Westcott took Abramovic’s boot camp-style “Cleaning the House” workshop in rural Andalusia, and was subjected to five days of fasting and total silence during which “reading, sex and cell phones were also forbidden.” The author engaged in exercises, standing naked and blindfolded in the hot sun while being photographed for the Abramovic archive, enduring forced staring contests with the other participants, “trying to live up to Abramovic’s example, after all.” In writing about Abramovic’s method of teaching her “transcendental strain” of performance art, the writer ponders the question, “Why were we doing this?” Tellingly, it is the one question Abramovic instructs her students not to ask. The answer for Westcott may be found in a passage in which the author describes Abramovic’s effect on the Dutch art circle that embraced her in the 1970’s: “Marina’s charisma beguiled almost everyone she met. She was also capable of absorbing enormous amounts of dedication...it was an exhilarating and blessed place to be, bathed in Marina’s aura.”

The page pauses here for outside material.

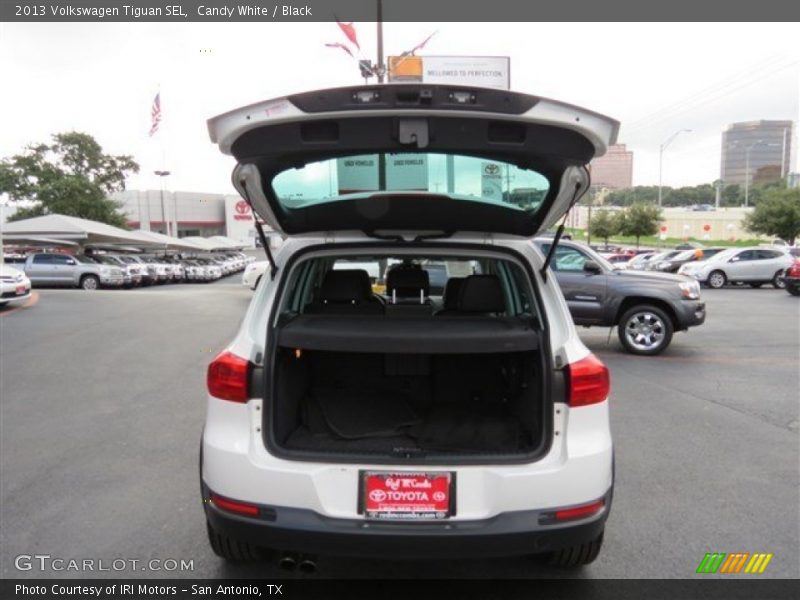 Candy White / Black 2013 Volkswagen Tiguan SEL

If Westcott has a tendency to inflate Abramovic’s “aura,” it is motivated by the subject herself. At the age of twenty-seven, Abramovic asked a prominent curator, “Am I still young and beautiful enough to become a famous artist?” The answer is still “yes”. Suddenly omnipresent in a media obsessed with the nude bodies on display in her MoMA retrospective, one may wonder when Abramovic’s long sought apotheosis occurred. According to Westcott, it was in 1997, when she won the Golden Lion at the Venice Biennale. However, the world did not have proof until Seven Easy Pieces at the Guggenheim in 2005, when Abramovic “re-performed” the greatest hits of performance art. By adapting iconic performances by Vito Acconci, Joseph Beuys, Valie EXPORT, Bruce Naumann and Gina Pane (with permission; only Chris Burden vetoed a re-do of Transfixed), Abramovic transformed them into durational artworks, each lasting seven hours. With gold-leaf on her face, Abramovic is photographed also Explaining Pictures to a Dead Hare, for posterity. Two Abramovic pieces, one old and one new, were also presented in the week-long program. Thus, the artist asserts a canon of performance art history that places her oeuvre, and her body, at its center.

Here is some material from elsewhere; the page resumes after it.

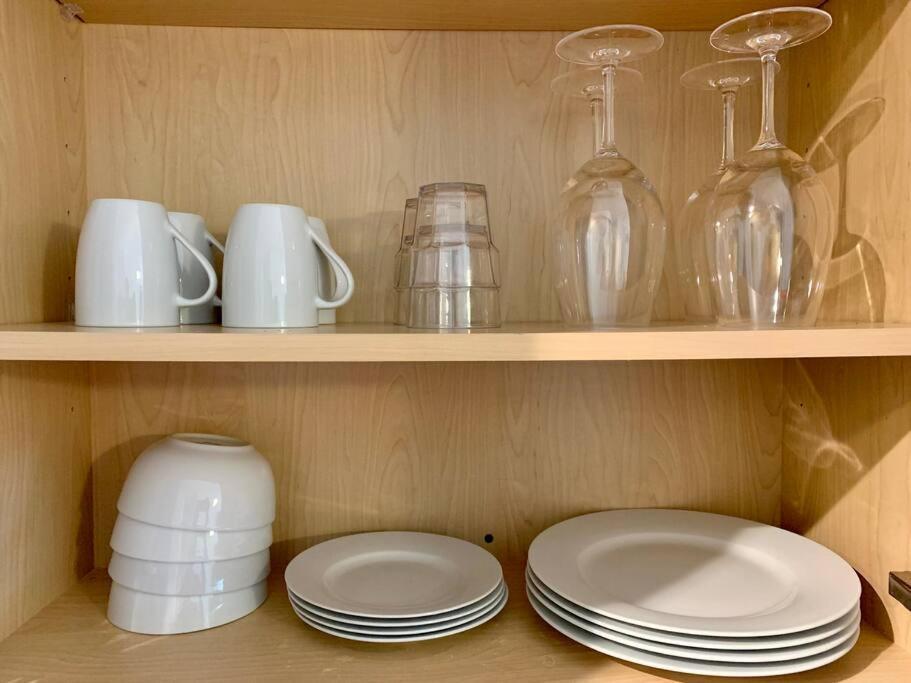 Apartment Convenient - King Bed - Heart Of Plaza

Westcott took Abramovic’s boot camp-style “Cleaning the House” workshop in rural Andalusia, and was subjected to five days of fasting and total silence during which “reading, sex and cell phones were also forbidden.” The author engaged in exercises, standing naked and blindfolded in the hot sun while being photographed for the Abramovic archive, enduring forced staring contests with the other participants, “trying to live up to Abramovic’s example, after all.” In writing about Abramovic’s method of teaching her “transcendental strain” of performance art, the writer ponders the question, “Why were we doing this?” Tellingly, it is the one question Abramovic instructs her students not to ask. The answer for Westcott may be found in a passage in which the author describes Abramovic’s effect on the Dutch art circle that embraced her in the 1970’s: “Marina’s charisma beguiled almost everyone she met. She was also capable of absorbing enormous amounts of dedication...it was an exhilarating and blessed place to be, bathed in Marina’s aura.”

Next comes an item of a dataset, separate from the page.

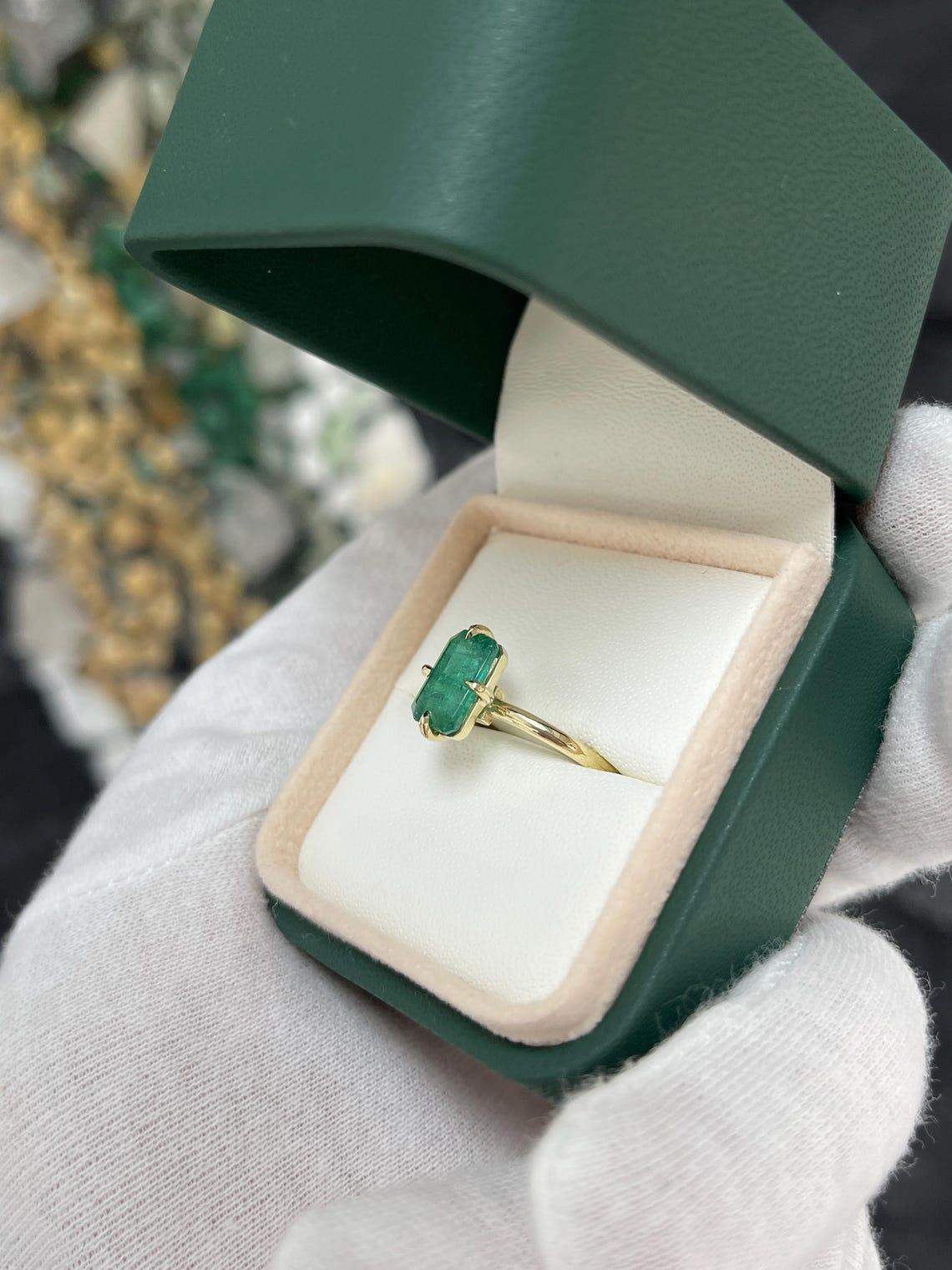 1,90 Karat 14K Dunkelgrüner Solitär-Ring mit Smaragdschliff und vertikalen Zacken aus Goldband Damen im Angebot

If Westcott has a tendency to inflate Abramovic’s “aura,” it is motivated by the subject herself. At the age of twenty-seven, Abramovic asked a prominent curator, “Am I still young and beautiful enough to become a famous artist?” The answer is still “yes”. Suddenly omnipresent in a media obsessed with the nude bodies on display in her MoMA retrospective, one may wonder when Abramovic’s long sought apotheosis occurred. According to Westcott, it was in 1997, when she won the Golden Lion at the Venice Biennale. However, the world did not have proof until Seven Easy Pieces at the Guggenheim in 2005, when Abramovic “re-performed” the greatest hits of performance art. By adapting iconic performances by Vito Acconci, Joseph Beuys, Valie EXPORT, Bruce Naumann and Gina Pane (with permission; only Chris Burden vetoed a re-do of Transfixed), Abramovic transformed them into durational artworks, each lasting seven hours. With gold-leaf on her face, Abramovic is photographed also Explaining Pictures to a Dead Hare, for posterity. Two Abramovic pieces, one old and one new, were also presented in the week-long program. Thus, the artist asserts a canon of performance art history that places her oeuvre, and her body, at its center.